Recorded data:
----

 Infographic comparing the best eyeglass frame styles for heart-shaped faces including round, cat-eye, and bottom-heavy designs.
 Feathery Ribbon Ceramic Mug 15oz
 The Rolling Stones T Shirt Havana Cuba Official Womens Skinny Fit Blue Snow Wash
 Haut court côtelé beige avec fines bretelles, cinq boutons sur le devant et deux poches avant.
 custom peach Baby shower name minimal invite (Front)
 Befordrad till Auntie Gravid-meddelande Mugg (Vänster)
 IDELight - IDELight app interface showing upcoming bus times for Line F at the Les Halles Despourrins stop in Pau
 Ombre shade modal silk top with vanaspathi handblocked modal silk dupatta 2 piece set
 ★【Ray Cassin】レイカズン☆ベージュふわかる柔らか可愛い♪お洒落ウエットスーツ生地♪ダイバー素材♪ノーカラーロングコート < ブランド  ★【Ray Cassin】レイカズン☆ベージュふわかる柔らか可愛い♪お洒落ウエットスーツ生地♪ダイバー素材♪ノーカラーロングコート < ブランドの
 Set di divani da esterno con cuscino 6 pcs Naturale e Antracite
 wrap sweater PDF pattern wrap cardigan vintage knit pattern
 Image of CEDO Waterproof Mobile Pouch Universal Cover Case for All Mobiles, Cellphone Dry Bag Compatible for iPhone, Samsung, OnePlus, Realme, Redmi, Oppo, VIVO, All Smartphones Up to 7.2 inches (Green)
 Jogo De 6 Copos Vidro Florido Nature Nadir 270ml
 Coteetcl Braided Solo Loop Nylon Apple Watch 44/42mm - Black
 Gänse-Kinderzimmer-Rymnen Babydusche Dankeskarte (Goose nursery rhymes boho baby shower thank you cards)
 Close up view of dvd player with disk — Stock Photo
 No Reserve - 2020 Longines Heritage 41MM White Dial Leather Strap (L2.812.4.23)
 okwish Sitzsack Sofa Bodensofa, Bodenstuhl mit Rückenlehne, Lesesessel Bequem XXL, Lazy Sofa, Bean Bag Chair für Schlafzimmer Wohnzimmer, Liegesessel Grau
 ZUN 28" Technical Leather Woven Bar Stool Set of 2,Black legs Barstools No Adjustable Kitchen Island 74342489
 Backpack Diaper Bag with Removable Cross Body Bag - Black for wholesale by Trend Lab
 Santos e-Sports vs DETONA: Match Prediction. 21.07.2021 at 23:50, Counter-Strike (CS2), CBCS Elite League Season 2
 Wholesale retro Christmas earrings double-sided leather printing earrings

----

* Work instructions *
Nothing except a number is needed: how many lines of the entries contain the word "shower"?

* Response box *
2